=== WORK REQUIRED ===
Each entry in the block below needs to be copied out exactly.

Stored records:
┄┄┄┄┄┄┄┄┄┄┄┄┄┄┄┄┄┄┄┄
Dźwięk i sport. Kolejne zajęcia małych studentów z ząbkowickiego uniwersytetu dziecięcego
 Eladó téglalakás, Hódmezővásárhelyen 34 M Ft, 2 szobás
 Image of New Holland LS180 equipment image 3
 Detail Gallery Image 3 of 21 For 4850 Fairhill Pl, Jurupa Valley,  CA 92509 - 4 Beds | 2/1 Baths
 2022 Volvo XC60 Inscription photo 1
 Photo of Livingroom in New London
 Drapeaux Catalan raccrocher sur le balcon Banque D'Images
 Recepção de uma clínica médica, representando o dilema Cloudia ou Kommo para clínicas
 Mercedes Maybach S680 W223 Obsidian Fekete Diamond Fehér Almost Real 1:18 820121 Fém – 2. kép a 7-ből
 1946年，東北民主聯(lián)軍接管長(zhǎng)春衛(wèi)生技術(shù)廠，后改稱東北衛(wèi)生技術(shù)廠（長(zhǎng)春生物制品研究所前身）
┄┄┄┄┄┄┄┄┄┄┄┄┄┄┄┄┄┄┄┄
=== ANSWER BOX ===
Dźwięk i sport. Kolejne zajęcia małych studentów z ząbkowickiego uniwersytetu dziecięcego
 Eladó téglalakás, Hódmezővásárhelyen 34 M Ft, 2 szobás
 Image of New Holland LS180 equipment image 3
 Detail Gallery Image 3 of 21 For 4850 Fairhill Pl, Jurupa Valley,  CA 92509 - 4 Beds | 2/1 Baths
 2022 Volvo XC60 Inscription photo 1
 Photo of Livingroom in New London
 Drapeaux Catalan raccrocher sur le balcon Banque D'Images
 Recepção de uma clínica médica, representando o dilema Cloudia ou Kommo para clínicas
 Mercedes Maybach S680 W223 Obsidian Fekete Diamond Fehér Almost Real 1:18 820121 Fém – 2. kép a 7-ből
 1946年，東北民主聯(lián)軍接管長(zhǎng)春衛(wèi)生技術(shù)廠，后改稱東北衛(wèi)生技術(shù)廠（長(zhǎng)春生物制品研究所前身）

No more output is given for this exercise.